WORK TO COMPLETE: Beginning at the line with "kitchen featuring stainless", output each line to the end of the listing below exactly, please.
##############################
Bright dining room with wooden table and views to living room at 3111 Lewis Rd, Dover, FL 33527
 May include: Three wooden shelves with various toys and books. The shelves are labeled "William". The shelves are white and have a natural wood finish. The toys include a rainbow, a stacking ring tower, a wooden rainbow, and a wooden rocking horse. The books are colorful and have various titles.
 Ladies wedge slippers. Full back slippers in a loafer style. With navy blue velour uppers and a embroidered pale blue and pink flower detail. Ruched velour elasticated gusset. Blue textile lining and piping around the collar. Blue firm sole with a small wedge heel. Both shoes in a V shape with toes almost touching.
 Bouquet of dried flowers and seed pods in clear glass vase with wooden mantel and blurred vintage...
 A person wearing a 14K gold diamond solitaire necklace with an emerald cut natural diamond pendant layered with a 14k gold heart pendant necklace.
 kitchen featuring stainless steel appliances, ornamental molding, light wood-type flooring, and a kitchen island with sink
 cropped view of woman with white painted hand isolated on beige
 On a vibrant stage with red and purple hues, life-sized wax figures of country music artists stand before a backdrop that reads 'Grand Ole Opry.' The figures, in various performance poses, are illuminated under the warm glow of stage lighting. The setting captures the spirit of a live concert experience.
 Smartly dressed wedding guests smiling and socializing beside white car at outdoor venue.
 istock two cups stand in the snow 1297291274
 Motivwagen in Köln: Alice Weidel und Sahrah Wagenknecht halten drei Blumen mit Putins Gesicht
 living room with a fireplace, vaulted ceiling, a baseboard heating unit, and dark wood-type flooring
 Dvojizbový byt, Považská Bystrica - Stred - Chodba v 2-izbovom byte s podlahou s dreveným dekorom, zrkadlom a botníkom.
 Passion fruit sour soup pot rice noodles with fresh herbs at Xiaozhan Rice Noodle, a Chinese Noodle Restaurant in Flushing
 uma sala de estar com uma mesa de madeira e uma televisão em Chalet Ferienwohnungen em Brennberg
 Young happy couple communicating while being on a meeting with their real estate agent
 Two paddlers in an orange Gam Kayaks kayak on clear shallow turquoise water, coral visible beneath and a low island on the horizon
##############################
OUTPUT FOR THIS EXERCISE:
 kitchen featuring stainless steel appliances, ornamental molding, light wood-type flooring, and a kitchen island with sink
 cropped view of woman with white painted hand isolated on beige
 On a vibrant stage with red and purple hues, life-sized wax figures of country music artists stand before a backdrop that reads 'Grand Ole Opry.' The figures, in various performance poses, are illuminated under the warm glow of stage lighting. The setting captures the spirit of a live concert experience.
 Smartly dressed wedding guests smiling and socializing beside white car at outdoor venue.
 istock two cups stand in the snow 1297291274
 Motivwagen in Köln: Alice Weidel und Sahrah Wagenknecht halten drei Blumen mit Putins Gesicht
 living room with a fireplace, vaulted ceiling, a baseboard heating unit, and dark wood-type flooring
 Dvojizbový byt, Považská Bystrica - Stred - Chodba v 2-izbovom byte s podlahou s dreveným dekorom, zrkadlom a botníkom.
 Passion fruit sour soup pot rice noodles with fresh herbs at Xiaozhan Rice Noodle, a Chinese Noodle Restaurant in Flushing
 uma sala de estar com uma mesa de madeira e uma televisão em Chalet Ferienwohnungen em Brennberg
 Young happy couple communicating while being on a meeting with their real estate agent
 Two paddlers in an orange Gam Kayaks kayak on clear shallow turquoise water, coral visible beneath and a low island on the horizon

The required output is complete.